2.4 Language in the map tasks
When asked about their first language, most participants (including those from Bosnia and Herzegovina) responded Croatian (10) or Serbian (9), and only one specified Bosnian. Other speakers either did not reply (5) or they indicated Serbo-Croatian (1), German (2) and Swiss–German (1) as their first language. While most participants named the language according to their ethnic backgrounds, naming the language proved to be a delicate subject for some participants.Footnote 15 All participants agreed that they would call BCMS naš jezik (‘our language’) when they would speak about it with their map task interlocutor. However, when asked if they spoke the same language as their interlocutor, the opinions were divided: out of 19 participants who named language differently than their interlocutor, only 8 (at least partially) agreed with the statement that it is the same language. Nevertheless, all participants spoke the Štokavian dialect in the map task, which is the dialectal basis of all standard BCMS languages. Most of them used Ijekavian (17) and Ekavian (9) variety, while three participants reported to speak Ikavian.Footnote 16
3 Corpus compilation
In this section we describe the processes of transcription, normalisation, and creation of the annotated TEI transcripts. Since the recordings contain many non-standard terms, we adopted the solution of transcribing them as they are pronounced, and normalising them in a second step.
3.1 Transcription
The corpus has been transcribed by 11 students with the help of FOLKERFootnote 17 transcribing tool using cGAT conventions (Schmidt et al., 2015). Each student transcribed the map tasks they have previously recorded (which ranges from 2 to 8). Transcribers were given the instructions to transcribe the conversations as they are pronounced, and to keep dialectal features and other non-standard features instead of correcting them to the standard language. Student’s transcripts were reviewed by two tutors. No measurements of inter-transcriber reliability were performed. As proposed by cGAT, we used pronunciation-based (semi-orthographic) transcription, and we also included notations for pauses, verbal and non-verbal units and incidents in the transcripts. The FOLKER transcripts were segmented into speaker turns.
3.2 Normalisation
We used the tool OrthoNormalFootnote 18 to add a normalisation layer for transcribed tokens. In the normalisation process, we compared the transcriptions to the standard variety that participants indicated as the language they spoke in the questionnaire, since BCMS has four different standard varieties. For instance, if a participant indicated “Croatian” as his/her language and used the eastern variant tačno instead of točno (‘correct’, ‘exactly’), as the word is said in the Croatian standard, we normalised it as točno, although tačno is correct in other BCMS standard varieties. This allows assessing how close their language use is to the standard varieties they name or regard as their own. We also normalised hesitation (ähm, äh, ääh, etc.) and acknowledgement tokens (hmhm, mhm, mh, etc.) to äh and hm respectively.

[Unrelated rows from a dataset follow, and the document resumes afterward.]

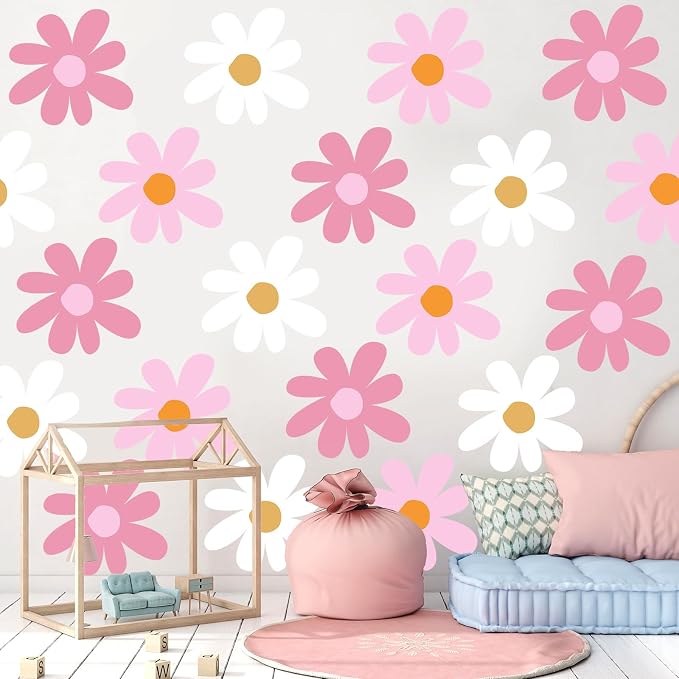 TaoBary 12 Sheet Daisy Wall Sticker Decal,Classic Color,Delicate Style | Big Flower Wall Sticker, Pink White Floral Decal, Daisy Bedroom Room Decor, Removable Peel and Stick, Nursery Home Wall Decor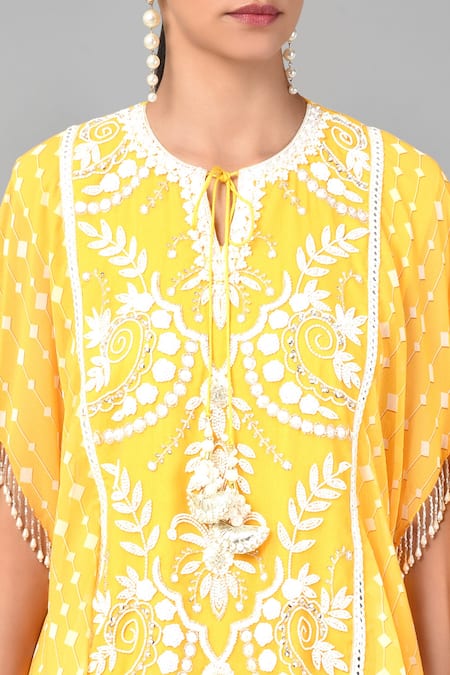 Keith Gomes Yellow Georgette Beads And Thread, Geometric Embroidered Tunic & Sharara Set at Aza Fashions Keith Gomes_Yellow Georgette Beads And Thread, Geometric Embroidered Tunic & Sharara Set _at_Aza_Fashions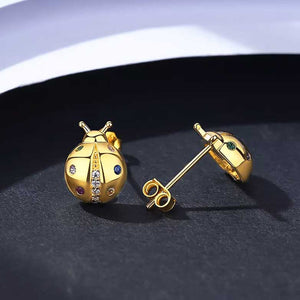 Gold Ladybug Earrings frenelle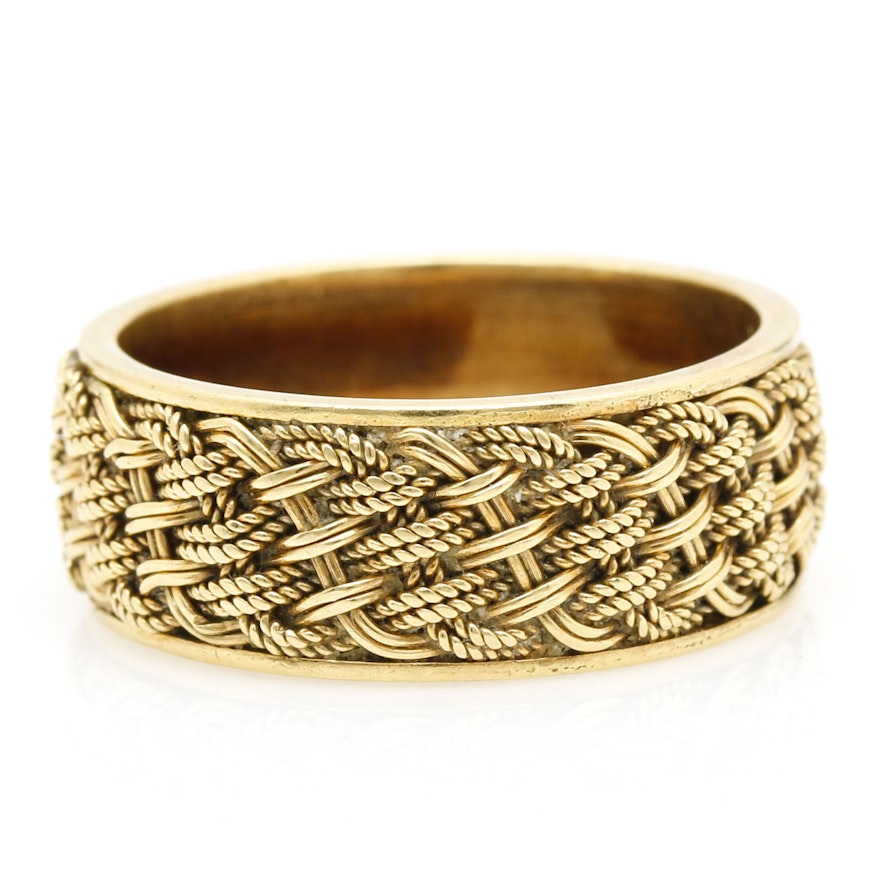 18K Yellow Gold Textured Ring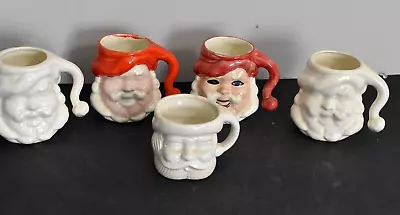 Vintage Lot Of 5 Ceramic Santa Claus Head Mugs Cups Christmas Smiling • $49.99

We also used OrthoNormal to annotate truncations, non-BCMS words, invented words, stutter, unclear words, and elongations (see Table 1). In doing so, we used conventions presented in Winterscheid et al. (2019). In total, 2538 tokens were affected by the normalisation (12.7%).
3.3 TEI encoding
We converted XML transcripts produced by OrthoNormal into TEI-XML encoded transcripts, following the TEI guidelines for transcriptions of speech implemented in the Corpus of Serbian Forms of Address (Lemmenmeier-Batinić, 2021, pp. 131–132).Footnote 19 In addition, we added the element <seg>, in which we stored non-BCMS words (@type=“non-bcms”), invented words (@type=“non-word”), elongations (@type=“elongation”), hesitation tokens (@type=“hesitation”) and acknowledgment tokens (@type=“acknowledgment”).
We tagged the corpus with the Serbian model of the CLASSLA-StanfordNLP tagger (Ljubešić & Dobrovoljc, 2019)Footnote 20 and stored the annotations for lemmas (@lemma), universal part-of-speech tags (@pos),Footnote 21 MULTEXT-East Serbo-Croatian morphosyntactic specificationsFootnote 22 (@ana), and normalisations (@norm) in the <w> element (see Example 1).Footnote 23
4 Web interface
In this section, we present the web interface of the corpus, which allows for a preliminary assessment of lexical, phonetic, and morphosyntactic features of heritage BCMS. Upon user registration, it allows users to view different transcript versions and already implemented annotations, make a pre-selection of transcripts through metadata filters, and create, store and share custom annotations directly on the corpus platform. To enable these functionalities, we elaborated the metadata so that it can be searched and filtered, converted the TEI transcripts into html files, and enriched them with annotation-related functionalities.
4.1 Metadata view
Speaker metadata collected in the questionnaire as well as the corpus counts for each speaker are presented in an interactive table created with the jQuery plug-in DataTablesFootnote 24 (see Fig. 3). The table is populated with the metadata stored in JSON format. Each column can be sorted and filtered using regular expressions. The table filter is synchronised with the map view representing the place of origin for each speaker, which gets updated according to the current table selection (see Fig. 4).Footnote 25
As shown in Fig. 5, when the speaker’s location (marker) is clicked, the metadata table gets filtered on that speaker, and a pop-up window appears containing basic speaker information, as well as links to the transcript view and view of all the relevant places for that speaker (place of birth and residence of the speaker, and place of birth of both parents, see Fig. 6).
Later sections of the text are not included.